The specs for the place that Cormac had given us ended up being spot on, and we eliminated the small amount of organized resistance the Thuls put up in the external portion of the base. Things progressed smoothly until we encountered a squad of defenders hunched behind an overturned table they were using as a barricade, flanked on either side by one of their anti-personnel turrets. They pinned us down for a couple of minutes, but then one of Cormac’s people tossed a jury-rigged EMP into their midst. The Thuls were just a bunch of corpses with two smoking shells where the turrets had been soon after.

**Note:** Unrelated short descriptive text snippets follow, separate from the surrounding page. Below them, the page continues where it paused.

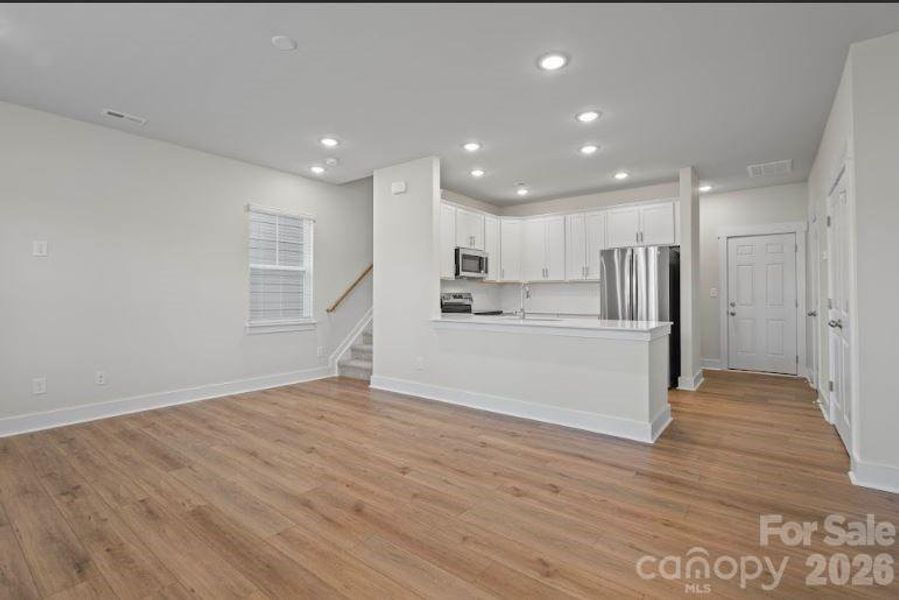 Spacious, unfurnished interior of a new home in Sierra Ridge, Gastonia (Image 13).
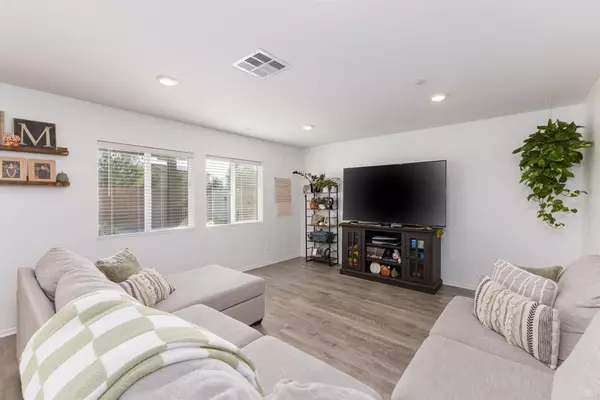Hemet, CA 92543,1432 Carolina CT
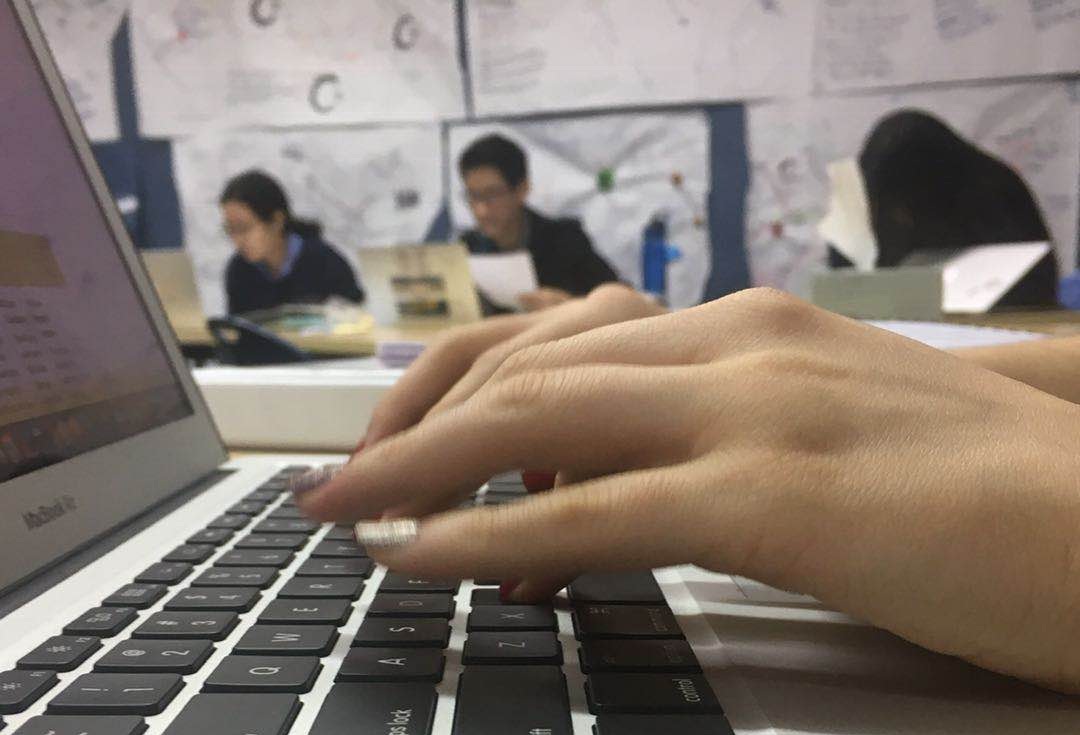Learning Code requires a lot of time looking at screens, thinking logically and patting away at keys. (image: Erika B., Concordia Applied Journalism )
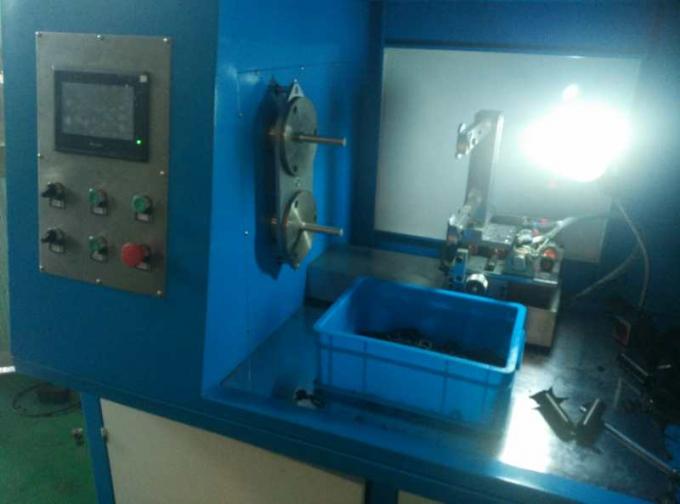 类型简单，包装方式为découpeuse，机器自动注塑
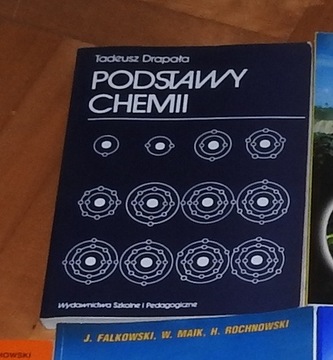 T. Drapała - Podstawy chemii, podręcznik lic/tech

We split up when we hit the inner complex. Cormac and his people established a perimeter there, to form a choke point against any of the garrison that tried to make their way to the central command area where whatever Gearbox was working on would be. After a moment’s reflection, I left the two Jedi with them – not that I didn’t want to have their sabers with us, but they’d do a lot more good helping out Cormac and his people. Everything was just about in order when the holoterminal in the middle of the room lit up.

Gearbox.

“Hey, kid! Good to see you again.” I felt my mouth tighten as he glanced at the rest of my squad. “There’s the grumpy Cathar liaison officer, Jovin? Jordan?”

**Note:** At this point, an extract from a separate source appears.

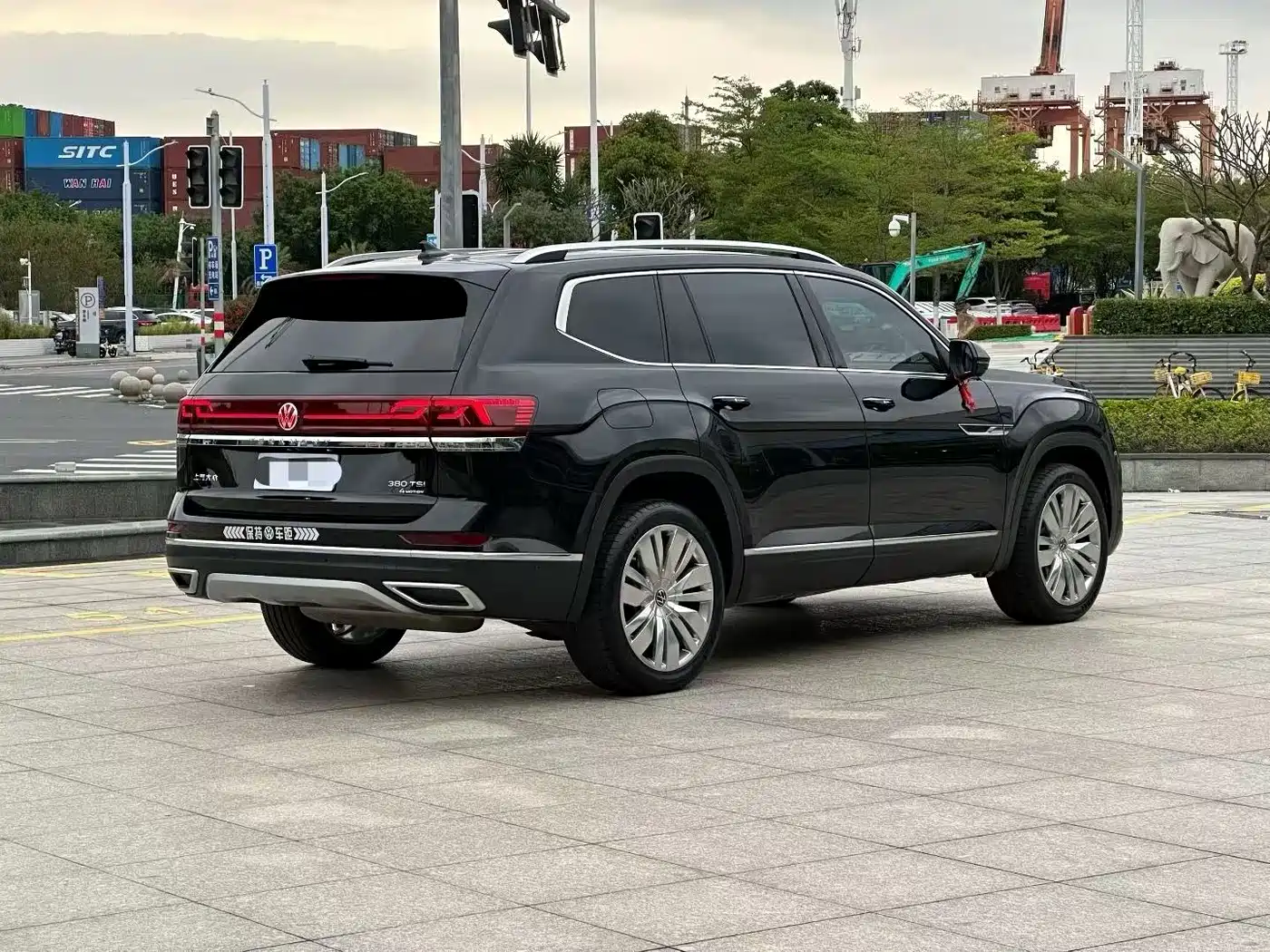 Volkswagen Teramont 2023 380TSI AWD Premium Flagship Edition фото 6
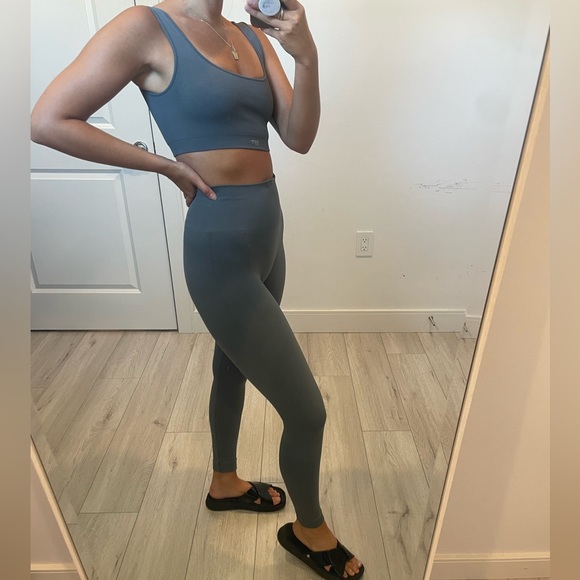 Set Active Sculpt Flex Matching Two Piece - Picture 2 of 16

“Jorgan,” he replied through clenched teeth.

“Whatever.” Gearbox paid Forex no real attention, instead zeroing in on the two Jedi for a moment, before ending at Elara. “And who do we have here? Looks like Havoc Squad has picked up some fine new candidates.”

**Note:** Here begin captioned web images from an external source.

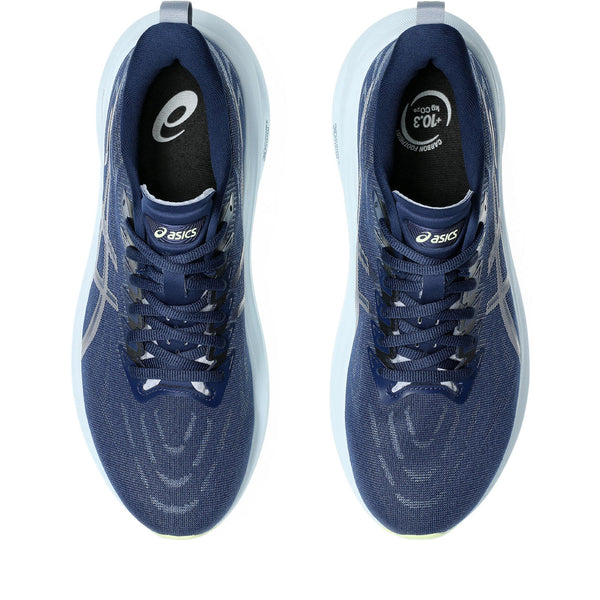 The GT-2000 has a nice ASICS logo right neaer the top of the tongue.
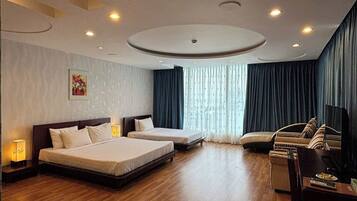 Deluxe VIP, River View | Minibar, in-room safe, blackout curtains, free WiFi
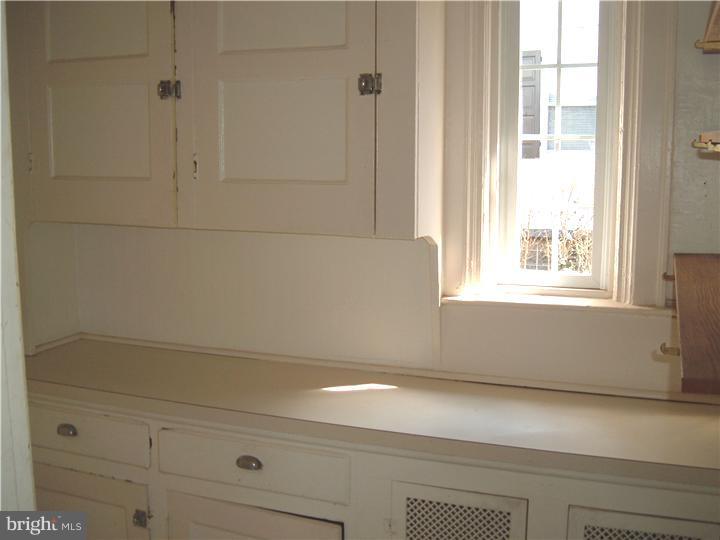 318 Kent Road Bala Cynwyd, PA 19004 - Photo 11 of 17 Pantry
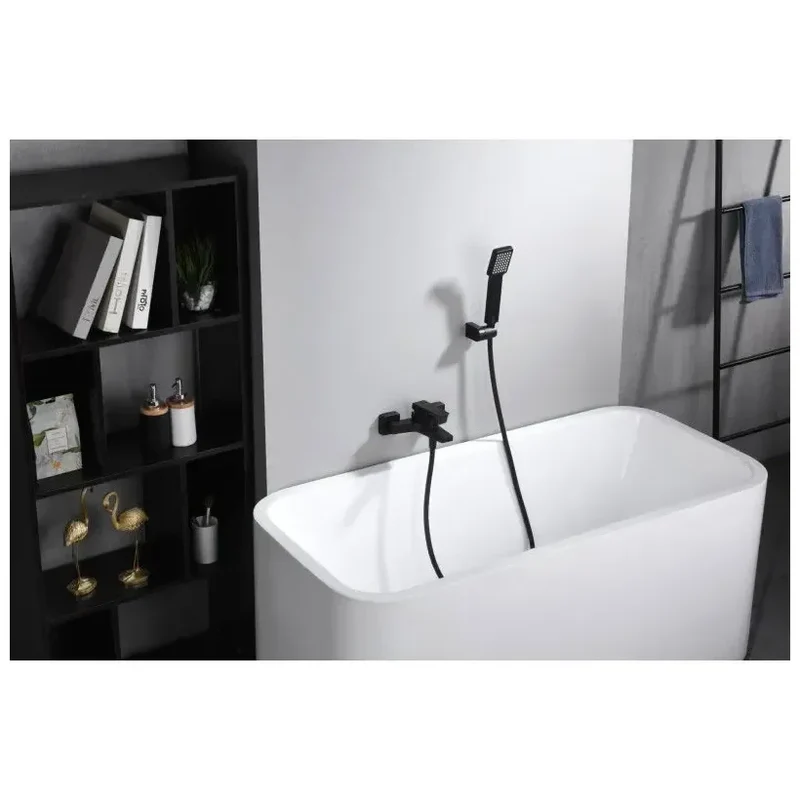 Grifería monomando de bañera y ducha hecha de latón con acabado negro mate Art de Imex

“Any squad would be improved by you leaving,” I replied coldly. I’d liked Gearbox when I’d met him back on Ord Mantell. At least, I thought I had – now it seemed like everything might have been just an act to sucker me in. “I don’t suppose you’re willing to surrender to save yourself and your troops unnecessary bloodshed?”

He laughed heartily. “Always knew you had a sense of humor. You’re almost as funny as me, kid. Why don’t you and your squad come visit me in the control center? We can…talk…more there.”

Kolos’ image faded away before any of us could say anything; the only sound we were left with was that of Jorgan’s teeth grinding some more. Cormac spoke first.

“Sounds like he has something nasty planned for you, Lieutenant. Are you sure you don’t want any of my soldiers? Or the Jedi?”

I shook my head. “No, you’ll be hit by everything else he has – Gearbox wants us to make the mistake of assuming otherwise. My guess is he’s got one of his crazy gadgets waiting for us, something to keep us occupied while his troops overwhelm everyone else. We’ll handle it.”

We exchanged nods. Then the four of us turned to the northern corridor and began making our way to Gearbox…and whatever he had waiting for us. There were no Thul soldiers waiting for us, which was strange. Even more so when we heard blaster fire ringing out from behind us and Cormac’s voice reporting heavy fighting over the comm. Everything on our end was a suspicious calm, the kind that always seems to come about right before something crazy happens.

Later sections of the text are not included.